Threat Actor Claims to Sell Admin Access to Bolivian Government GitLab for $1,000

Someone on a cybercrime forum is selling administrator access allegedly connected to a government organization in Bolivia. The seller says the access includes full GitLab administrative privileges. That means visibility into more than 200 software projects.

The threat actor wants around $1,000 for this access. They also shared contact information for interested buyers. But here is the catch. No one has independently verified the claim. There is also no public confirmation that the GitLab environment actually belongs to a Bolivian government agency.

So treat these claims as unverified for now. More proof needs to come out before anyone knows for sure. Even so, this alleged sale highlights a real problem. The market for stolen government and corporate access keeps growing.
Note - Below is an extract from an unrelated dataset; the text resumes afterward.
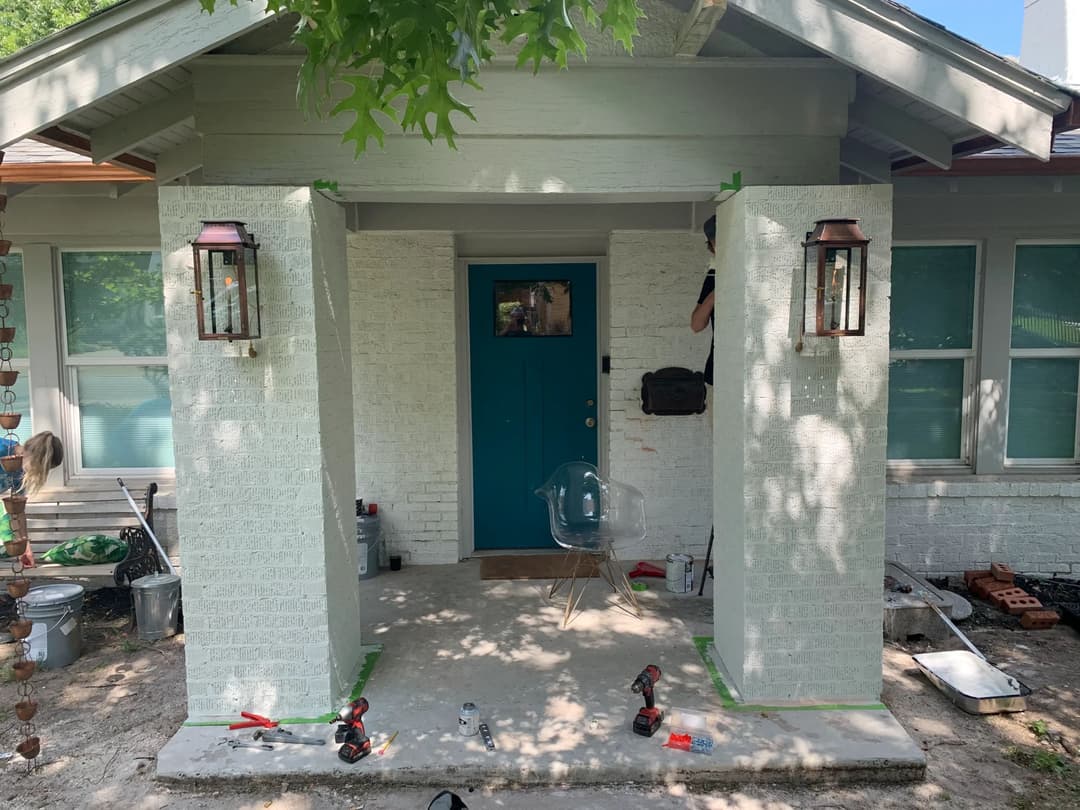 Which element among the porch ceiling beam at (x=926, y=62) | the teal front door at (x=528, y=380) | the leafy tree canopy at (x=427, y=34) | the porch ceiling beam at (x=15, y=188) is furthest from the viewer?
the teal front door at (x=528, y=380)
Why GitLab Access Packs a Punch

Developers use GitLab to store their source code and manage their software projects; teams use GitLab to track changes and automate the release of new software. Many government agencies use GitLab as their single source of truth for development.

If an attacker had administrator-level access, they would have access to all of the confidential information (source code, internal documents, etc.) that an organization stores on GitLab.

This would include any configuration settings for deployment, project roadmaps, and many other types of information that are also necessary for the overall development and operation of the system.

An attacker with this level of access would also have access to the associated credentials for all of the infrastructure configurations that support these projects.

This would result in damage beyond a single application, since development platforms are the centrepiece of the technology operations of all organizations.

An attacker with access to a development platform could gain access to a cloud, database or some other type of infrastructure, as well as access to an organization’s internal network and any related critical infrastructure.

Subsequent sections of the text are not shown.